Bearing means for linear sliding motion have been conventionally known, for example disclosed in Japanese Patent No. 2846050, in which a ball-recirculating passage is designed in a way lessening joints or discontinuities therein in number to allow the balls to run smoothly through there, and tiny parts are reduced in number to refine on the efficiency in assembling steps, thereby making it possible to complete the bearing means with an inexpensive cost and a very short time. The prior bearing means recited just above includes a track rail, a sliding platform movable on the track rail and more than one rolling element. The sliding platform has a metallic block of a thick plate integral with a pair of legs that is arranged underneath the thick plate and made with inside raceway grooves, each to each leg, for providing load raceways where the rolling elements run through there, an annular frame formed in a tetragonal configuration in top plan view so as to fit over the legs of the metallic block, the tetragonal frame being made on the underneath thereof with raceway grooves for providing non-loaded raceways that communicate with the load raceways to allow the rolling elements to recirculate through there and recesses that are formed forward and aft to fit over and conform to the track rail, and a pair of sidewise opposing elongated plates made on the upper surfaces thereof with raceway grooves that will form the non-loaded raceways where the rolling elements are allowed to run through there when the plates are joined together with the underneath of the tetragonal frame. The tetragonal frame has projections that will come into fitting engagement with grooves outside the legs to hold the tetragonal frame in assembled relation with the legs. Moreover, the tetragonal frame is made at the four corners thereof with holes in which pins fit to join the elongated plates with the tetragonal frame.
Disclosed in Japanese Patent No. 2775129 is a linear motion guide unit that a sliding block is comprised of a first component made therein with a non-loaded area of a ball-recirculating passage where rolling elements are allowed to run through there, a second metallic component made with a groove to define a load area of the ball-recirculating passage, and a pair of third components that fit between the first and second components at forward and aft ends of the sliding block.
Another prior linear motion guide arrangement is disclosed in Japanese Patent No. 2936166 in which there is shown a snap fastener that does not require any fastening screw to join together the components. With the prior linear motion guide arrangement recited just above, reversing bodies are secured on forward and aft ends of a carriage member by engaging lugs projecting out of the end faces of the reversing bodies on the upper surface of the carriage member.

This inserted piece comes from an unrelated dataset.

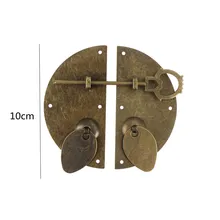 Chińskie stylowe meble metalowe żelazne drzwi pukanie kołatka Pull Vintage blokada złap do szafki szuflada do szafki 100mm/3.94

The combination of the carriage member with the forward and aft reversing bodies is accommodated in a guide carriage enclosure and secured to the enclosure by the action of the snap fasteners.
Nevertheless, the bearing means for linear sliding motion recited first, despite being envisaged to render it suitable for use in the miniature linear motion guide units, is so constructed as becoming adversely bulky in size because of the legs jutting out from the underneath of the thick plate of the block. Moreover, the construction that the non-loaded raceways or return passages are defined between the confronting annular frame and elongated plates results in rendering the sliding platform large in widthwise dimension. Any attempt to reduce the sliding platform in width will result in rendering the legs slim in their breadth, thus raising a major disadvantage of reducing the legs in rigidity or stiffness. On assembly to complete the sliding platform, the tetragonal frame is secured to the legs in a way the projections of the tetragonal frame click into the associated recesses formed on the outside surfaces of the legs. This construction will plague the workers with a troublesome exertion of bending forcibly the projections on the tetragonal frame to bring them into interlocking engagement with the inner recesses on the legs.
With the second linear motion guide unit recited earlier, the metallic second component, as being made lengthwise uniform in traverse cross-section, may be produced easily. Nevertheless, both the return passages and the turnarounds making up the non-loaded areas in the ball-recirculating circuits are mainly formed in the third component. Thus, the ball-recirculating circuits, which is provided in a composition of three components: the first, second and third components, will fail to make a tunnel round in traverse cross-section, especially at the turnarounds will become a passage U-shaped in cross section. This ball-recirculating circuit might cause any rattling sound or vibration especially when the small rolling elements run through there, thus interfering with a smooth running of the rolling elements. Besides, drilling operation of screwed holes is needed because of the construction in which fasteners are driven in the holes on the forward and aft ends of the second component to join together all components into an unit.
With the last linear motion guide arrangement recited earlier, the turnarounds and return passages making up the ball-recirculating circuits are formed in distinct components, independently: the reversing bodies made therein with the turnarounds, and the guide carriage enclosure made with the return passages. Such construction is tough of making the ball-recirculating circuits smooth, and also makes the guide carriage an intricate composition.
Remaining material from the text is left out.